Patients and methods: A total of 6394 patients who underwent ¹⁸F-FDG PET/CT in our hospital from August 2019 to December 2021 were retrospectively analysed, and 145 patients with incidental focal colorectal ¹⁸F-FDG uptake foci were identified. The optimal cut-off value of SUVmax for ¹⁸F-FDG PET/CT diagnosis of high-risk lesions was determined by receiver operating characteristic (ROC) curves. SUVmax and localized CWT were combined to identify high-risk lesions from incidental focal colorectal ¹⁸F-FDG uptake foci. The characteristics of incidental adenomas detected and high-risk adenomas missed by ¹⁸F-FDG PET/CT were compared.

Results: Of the 6394 patients, 145 patients were found to have incidental focal colorectal FDG uptake foci (2.3%), and 44 patients underwent colonoscopy and pathological examination at the same time. In fact, 45 lesions, including 12 low-risk lesions and 33 high-risk lesions (22 high-risk adenomas, 11 adenocarcinoma), were found by colonoscopy. The area under the ROC curve of SUVmax for low-risk lesions and high-risk lesions was 0.737, and the optimal cut-off value was 6.45 (with a sensitivity of 87.9% and specificity of 58.3%). When SUVmax ≥6.45, the combination of localized CWT parameters has little influence on the sensitivity and specificity of detection; when SUVmax <6.45, the combination of localized CWT parameters can improve the specificity of detection of high-risk lesions, but the sensitivity has little change. In addition, the size of high-risk adenomas discovered incidentally by ¹⁸F-FDG PET/CT was larger than that of high-risk adenomas missed, but there was no significant difference in lesion location, pathological type or intraepithelial neoplasia between the two groups.

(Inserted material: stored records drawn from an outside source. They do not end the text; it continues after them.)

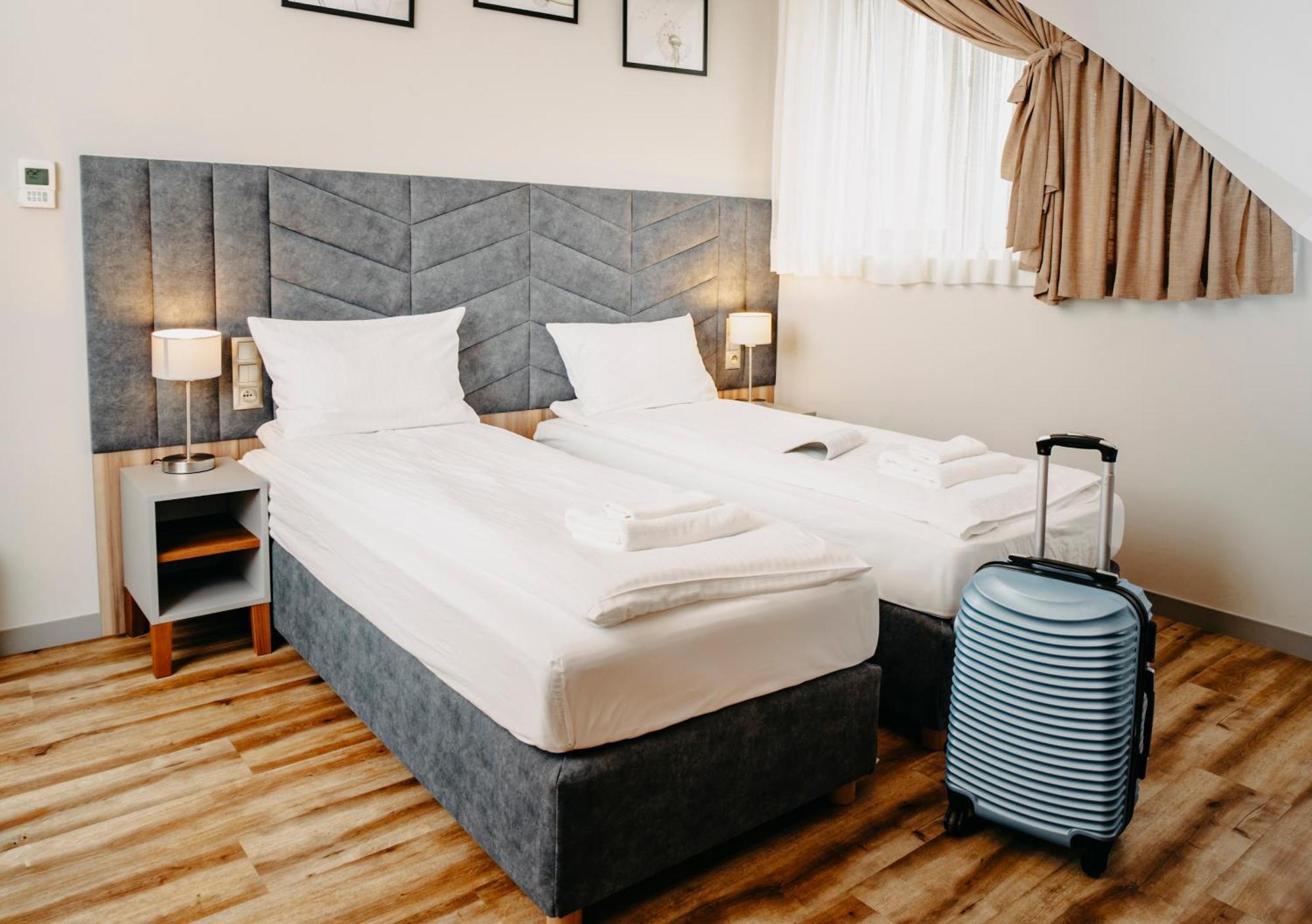 Villa & Gospoda Krakowska Kobiernice Ngoại thất bức ảnh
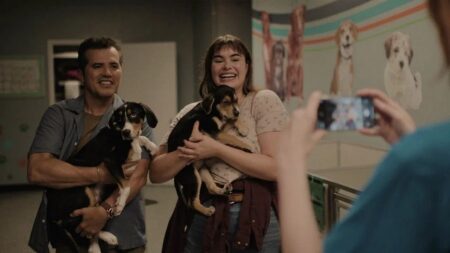 Barbie Ferreira como Lily e John Leguizamo como Bob em Um Pai para Lily (Reprodução / Synapse)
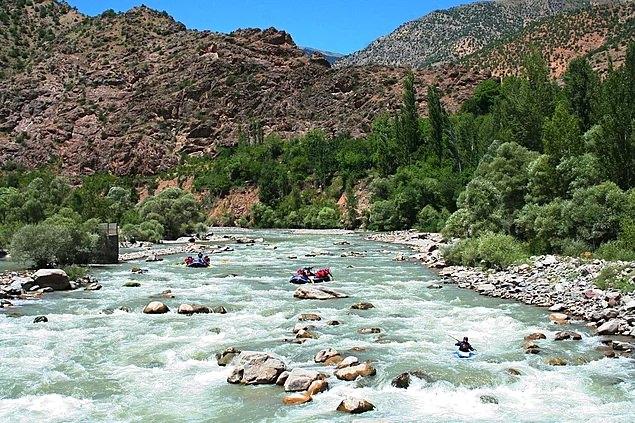 <p><strong>Çoruh Nehri’nde rafting yapın</strong><br />
<br />
Dünyanın en büyük nehri bizim sınırlarımız içerisinde. Evet, Çoruh Nehri. Aynı zamanda dünyanın en hızlı akan nehirlerinden biri.</p>
<p> </p>
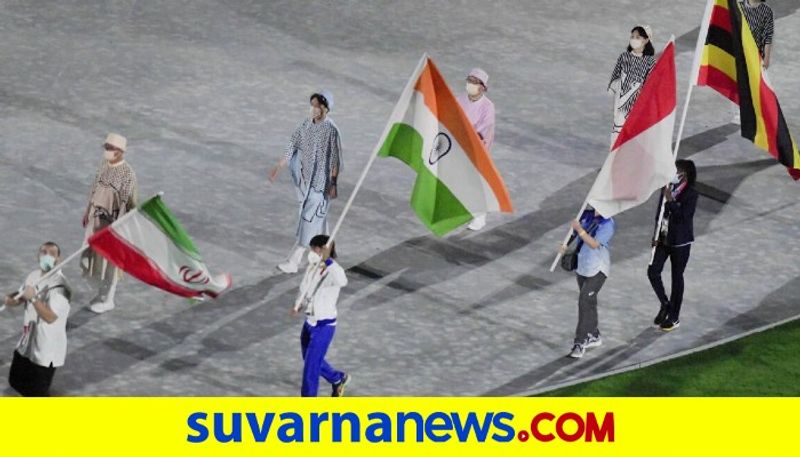 Indian flag bearer Wrestling Bronze Medallist Bajrang Punia from closing ceremony kvn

Conclusions: The combination of SUVmax and localized CWT parameters of ¹⁸F-FDG PET/CT helped identify high-risk lesions from incidental focal colorectal ¹⁸F-FDG uptake foci, especially for lesions with SUVmax <6.45. Lesion size may be the only factor in ¹⁸F-FDG PET/CT missing high-risk adenomas.

Introduction

F-18 fluorodeoxyglucose (¹⁸F-FDG) positron emission tomography (PET/CT) has become one of the most commonly used positron emission radiography examinations for various oncology imaging, has been used for tumour diagnosis, staging and therapeutic effect prediction and evaluation (1–3), and has been applied to screen second primary cancer in cancer patients (4).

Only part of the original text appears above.